I feel bad for saying this, but I'm actually not sure how much most of the comments and compliments I've received help, after reading this essay on /r/raisedbynarcissists.
I think a lot of it may have to do with how my ego was inflated, growing up, as a homeschooled Mormon. I was told over and over again that I was part of a chosen generation, I was a prodigy, I knew better than almost everyone else, I had more authority in my little finger than the Pope did in his whole funny hat, I was going to live while the earth was cleansed with fire ... a lot of things designed to inflate the egos of young people and tie their self-worth to the church, which I was explicitly told to do.
Then finding out that in order to keep getting that treatment, I would have to lie. But not processing it that way, because lying was out of the question. And not realizing that the people around me did it anyway, all the time.

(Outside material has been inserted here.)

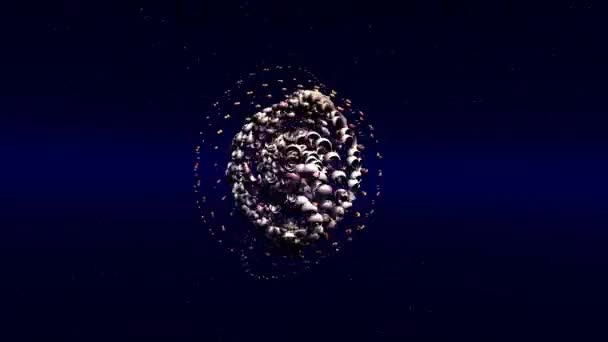 Animasi Digital Dari Struktur Fraktal Alien — Stok Video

I think I eventually saw that in the situation I was in, all the ego-inflatingness I received really said more about the people dispensing it than myself. People would tell me things that reinforced their own cultural narrative. They liked that I exemplified some part of the story they told themselves about how the world works. Sometimes it was painfully obvious, like when a mentally ill "friend of the family" who was staying with us told me how I would pilot the spacecraft we apparently kept in our basement.

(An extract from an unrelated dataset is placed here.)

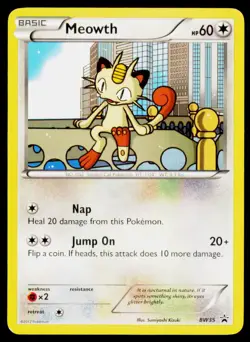 Meowth - Promo Black and White Promos BW35 HP - Image 1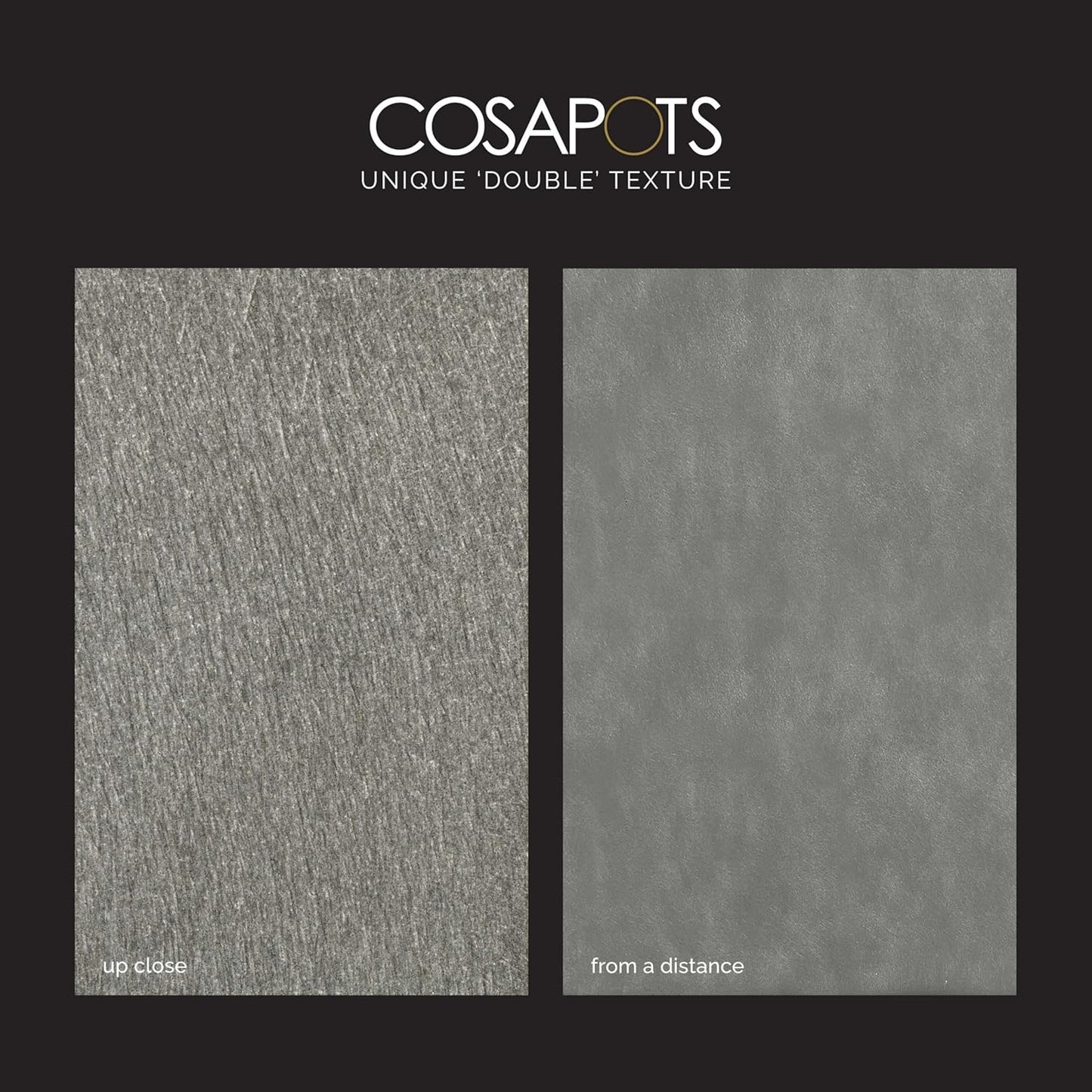 Reglito Cube Planter – Fiberglass Indoor/Outdoor and Weather-Resistant Large Planter (Grey Stone, 27.6" L x 27.6" W x 28.1" H)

They didn't really want to know that I masturbated, or was depressed, or felt sick very often, or had never had a full-time job. They wanted me to exist in their minds as an object.
I understand hugs, and listening, and mirroring my distress, as signs of love and affection. Compliments just go right past us. We used to treasure the ones that we got for our writing, but somewhere along the line we started to feel they were so hyperbolic as to be unbelievable. We're not sure why.
Compliments based on the kind of person we supposedly are don't even register. They are like telling us "God has a plan for everyone," or having cishets ask about our relationship when they assume that we're in one like theirs. It's at once disturbingly personal and very impersonal, and it doesn't bother us so much as make us nervous. Because we feel like the person is outlining the conditions on which they will relate to us, and if we do something that contradicts the image they have of us in their mind they will shun us.
I feel like they don't know what they are talking about, and even if they're saying something nice they're really just saying how much I affirm something they believe in.
I think the compliments I've been most touched by are when people describe the effect that I or my writing have had on them. That feels like a thing I can take credit for. The best I can say about myself, then, is that I remind other people of what's important to them, or have helped them escape from a bad situation.
The worst I can say is that I'm terrible and shouldn't exist. I tell myself that at least ten times a day, just as a reflex. It's usually brought on by either doing something I find enjoyable, or hearing someone tell me that I'm awesome.